Cut-offs for NC (≥ 35.9 cm) and TyG (≥ 9.04) were derived from Youden index in our cohort. Hooman Ebrahim et al. found cut-off for NC ≥ 36 cm in Iran MetS cohorts29 which align with our results. However, Kamrul-Hasan, A B M et al. identified that NC ≥ 34.25 cm was the best cutoff value for MetS in the women with PCOS30. Therefore, external validation of different medical institutions and ethnic populations is required before widespread clinical application. Early identification of MetS risk via NC/TyG could prompt targeted interventions (e.g., lifestyle modification, dieting and exercise, and metformin), potentially mitigating long-term cardiometabolic morbidity and improving fertility outcomes in PCOS. NC’s superiority lies in its practicality: it requires no blood sampling, is cost-free, and unaffected by fasting status, breathing, body position or laboratory variability. Unlike TyG (which reflects insulin resistance), NC directly captures upper-body adiposity, a key driver of metabolic dysfunction in PCOS. This makes NC particularly valuable in resource-limited settings. Therefore, NC for predicting PCOS + MetS might be more suitable for clinical operation and wide application. These finding highlight the particular value of NC and TyG for risk stratification.

Conclusion

To the best of our knowledge, this is the first study comparing the predictive value of anthropometric indicators with the composite indicators of somatometry and glycolipid biochemistry for PCOS + MetS reproductive-aged women.

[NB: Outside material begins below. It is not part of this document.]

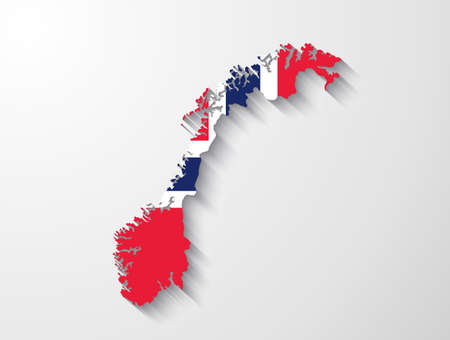 Norway map with shadow effect presentationのイラスト素材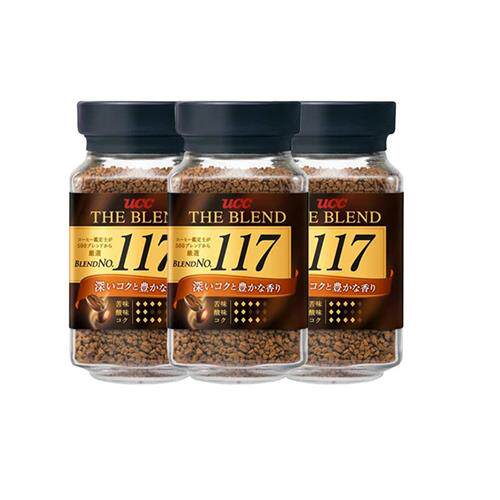 UCC悠诗诗117冻干速溶咖啡粉90g *3瓶无蔗糖美式冻干黑咖啡提神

The results show that NC and TyG are not inferior to VAI, CVAI and LAP for predicting PCOS + MetS, and compared to TyG, NC is more convenient, intuitive, economical, and practical regardless of dietary status.

Limitations

Firstly, the different diagnostic criteria for MetS defined by different organizations may have influenced the statistical results of this study. Secondly, while we adjusted for key covariates (age, BMI, medication use) in multivariate models, unmeasured confounders, such as diet, physical activity, and socioeconomic factors, may influence results. Future prospective studies should incorporate standardized lifestyle assessments. Thirdly, the retrospective design of our study may introduce documentation bias and limits causal inference. Due to the retrospective nature of the study, subjects such as serum insulin concentration, hip circumference and its correlation: body adiposity index (BAI), were not examined at that time or the data were missing, so this study failed to include these statistics, which may affect the persuasiveness of insulin resistance and anthropometry. Fourthly, our cohort’s homogeneity (Chinese, reproductive-age) limits extrapolation to other populations. The recruitment of participants exclusively from two tertiary academic hospitals may have further skewed our sample toward more severe PCOS phenotypes and urban, medically insured populations, which may not fully represent the broader population. Additionally, a significant limitation is the potential confounding effect of medications used by PCOS patients, such as insulin-sensitizing agents, oral contraceptives, melatonin39, et al., which could alter metabolic and hormonal biomarkers and potentially biasing our results. Future studies should prospectively document all medications and their durations to isolate their effects on metabolic parameters.